» **WHAT IS NEEDED**
Output, word for word, the line that contains "Cần làm xét" and all lines following it to the end of the listing. Drop the pictures.

» **DATASET CONTENT**
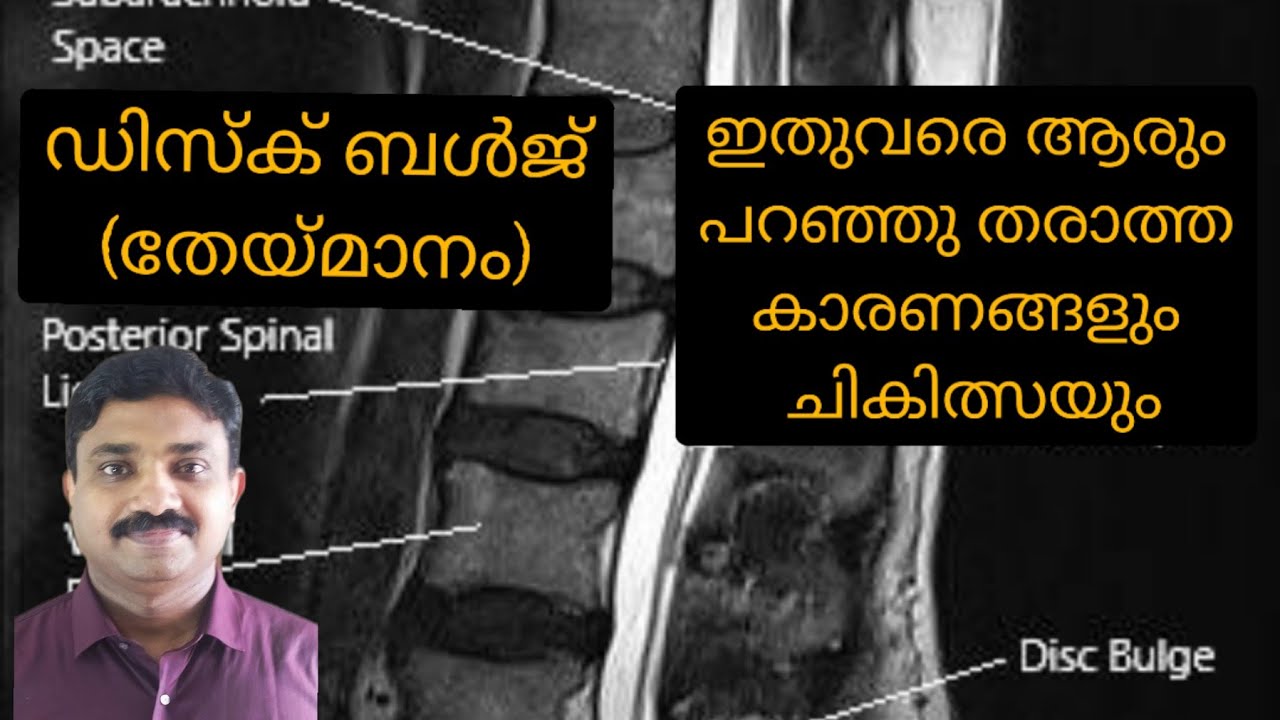 ഡിസ്ക് ബൾജ്( തള്ളൽ, തേയ്മാനം) കാരണങ്ങൾ,ഡിസ്കിലെ ജലാംശം കുറയുന്നത് എന്തുകൊണ്ട്? Disc bulge Ayurveda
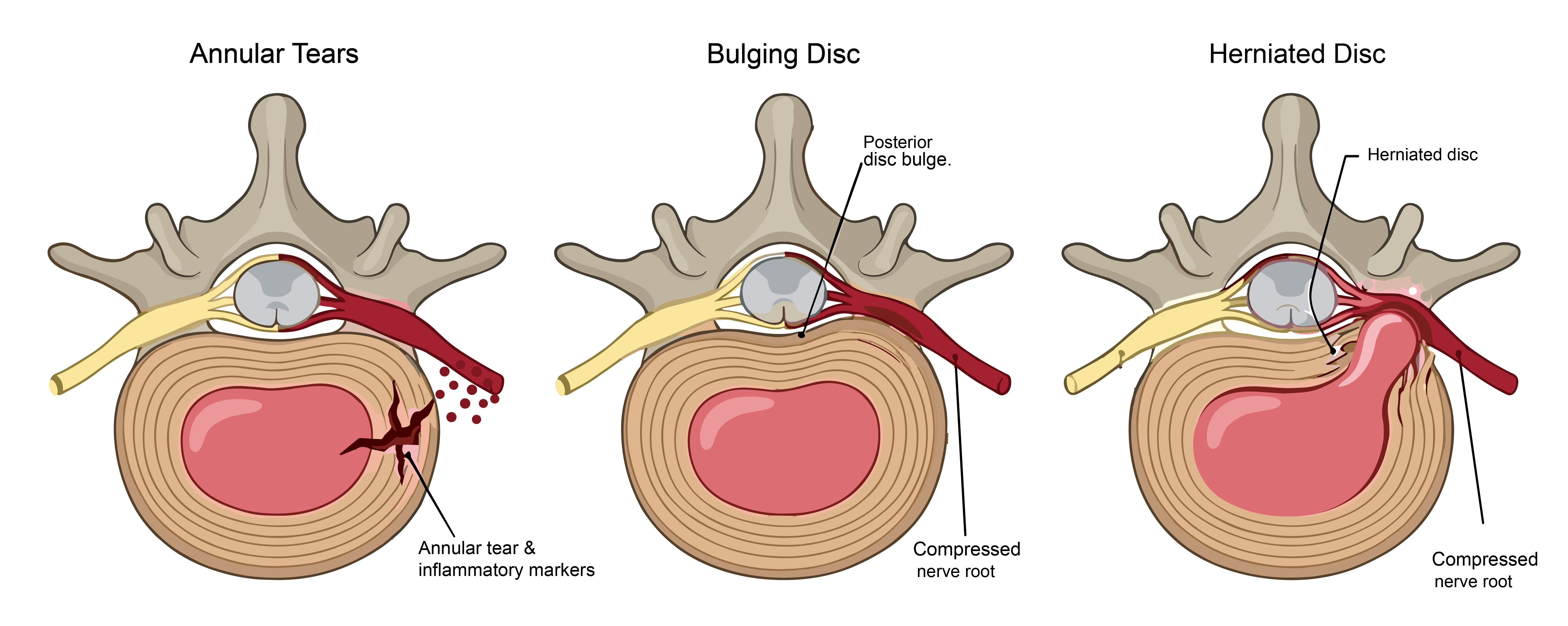 Three-panel medical diagram showing the disc damage spectrum: left panel shows an annular tear with nucleus material leaking into the tear activating inner nerve fibers causing discogenic pain; center panel shows a bulging disc with the intact annulus wall bowing outward compressing the nerve root causing radiculopathy; right panel shows a herniated disc with nucleus rupturing through the annular wall compressing and chemically irritating the nerve root causing severe radiculopathy and sciatica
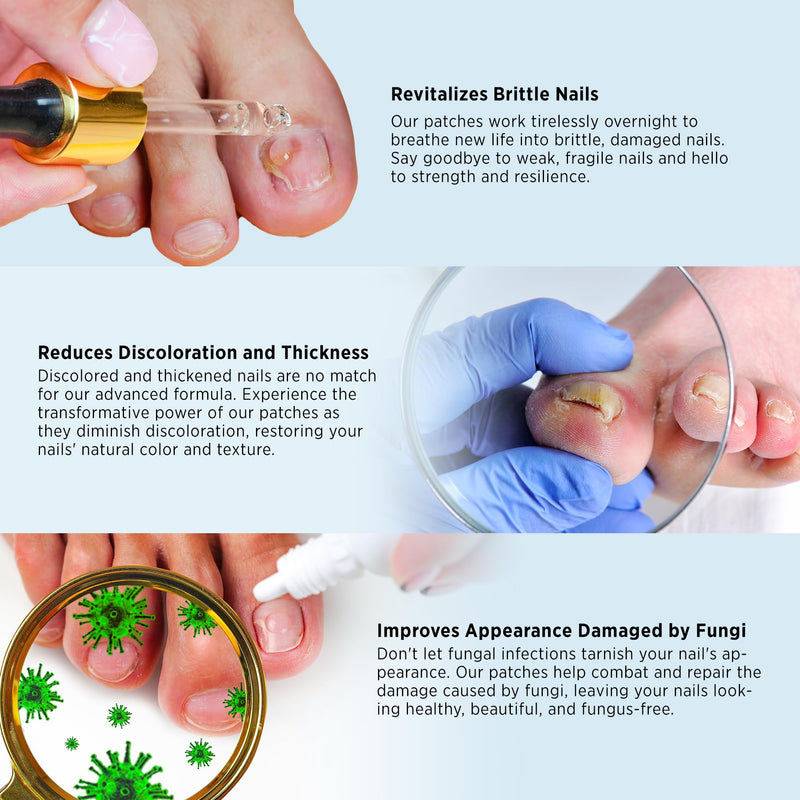 Toenail Fungus Treatment Extra Strength - Nail Fungus Treatment For Toenail Extra Strength - Nighttime Nail Patches & Nail Treatment Liquid Set (32patches+15ml) 32 PCS Medium Patches + 15mL Liquid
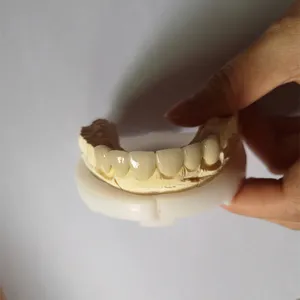 PFM bridge – case by Well Dental Lab (2)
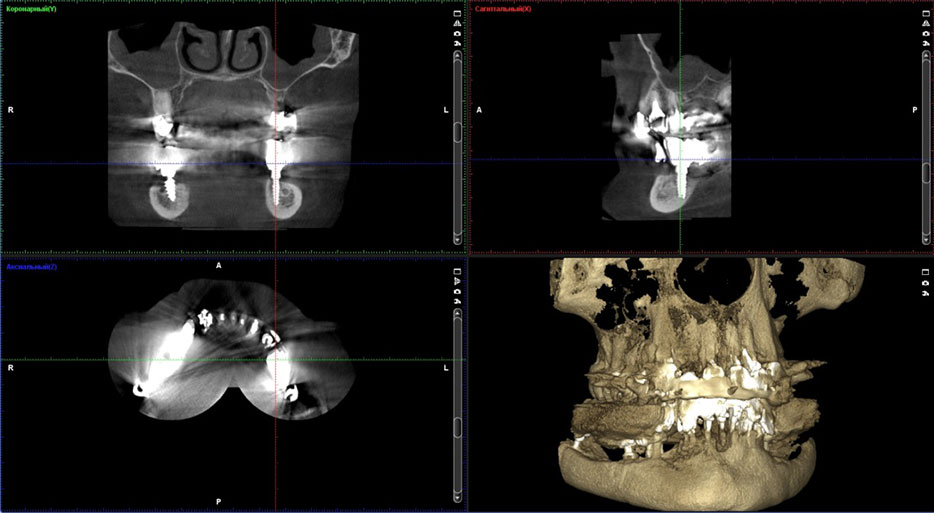 Fig. 7. The computer tomography 6 months after the implant insertion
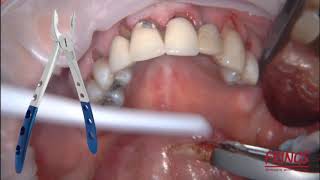 Atraumatic Extraction using FRINGS® [upl. by Fabozzi]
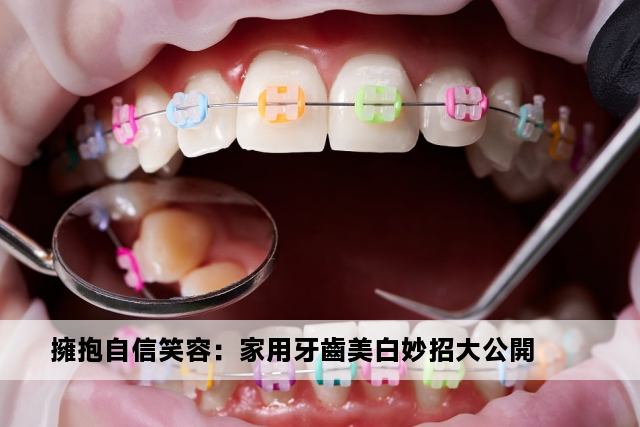 擁抱自信笑容：家用牙齒美白妙招大公開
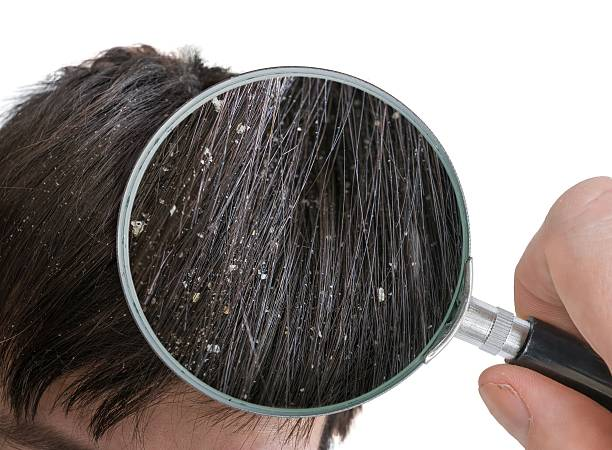 Home Remedies for DandruffHome Remedies for Dandruff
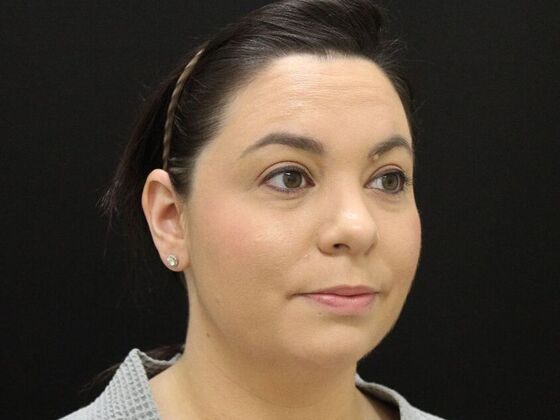 Liposuction: Case 44 - Before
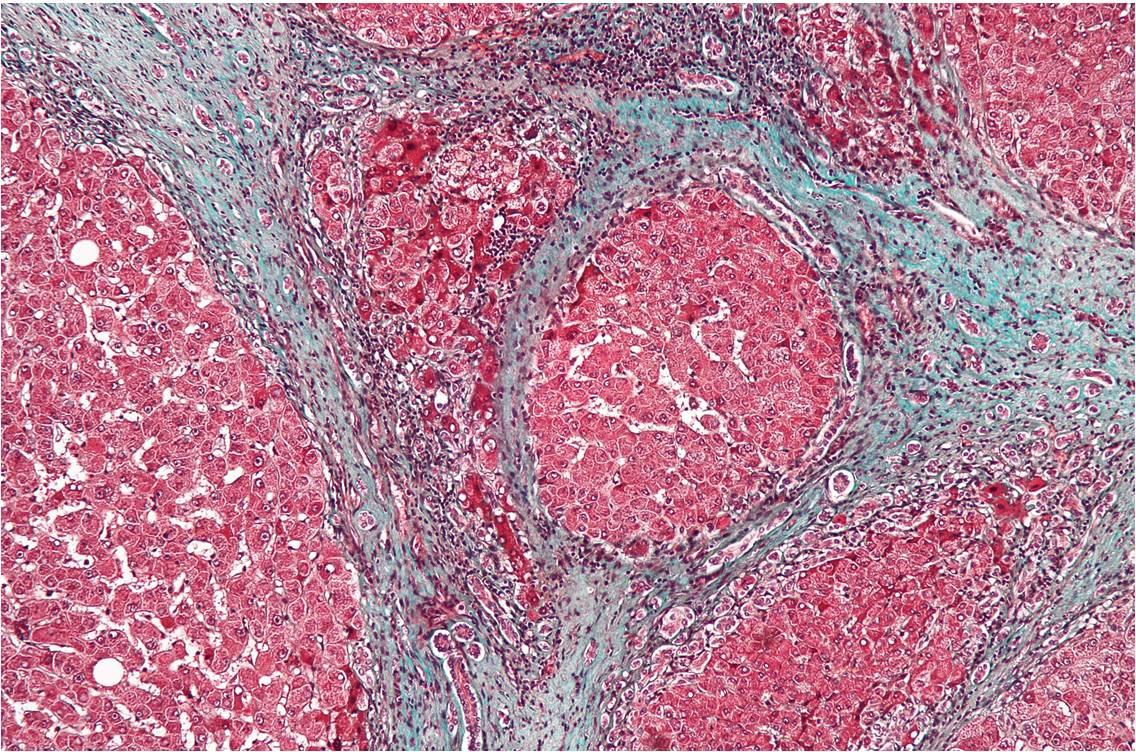 Agrandissement de septa fibreux chez un patient atteint de cirrhose alcoolique (cliché @ Nephron, Wikimedia). 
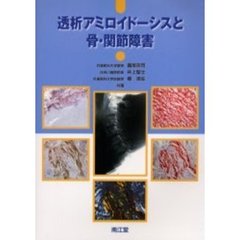 透析アミロイドーシスと骨・関節障害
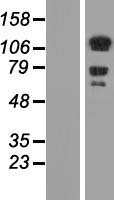DAAM1 Human Over-expression Lysates NM_014992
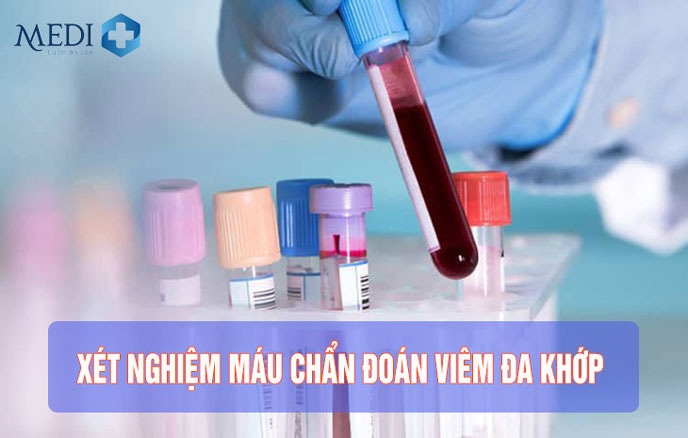 Cần làm xét nghiệm máu tìm virus xác định nguyên nhân viêm đa khớp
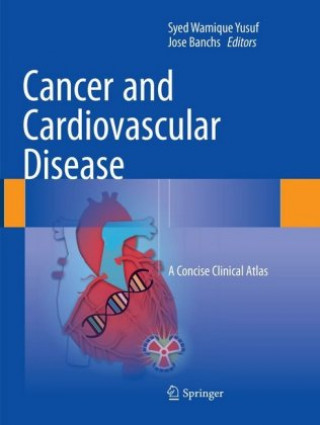 Livre Cancer and Cardiovascular Disease Syed Wamique Yusuf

» **ANSWER TO THIS PROBLEM**
 Cần làm xét nghiệm máu tìm virus xác định nguyên nhân viêm đa khớp
 Livre Cancer and Cardiovascular Disease Syed Wamique Yusuf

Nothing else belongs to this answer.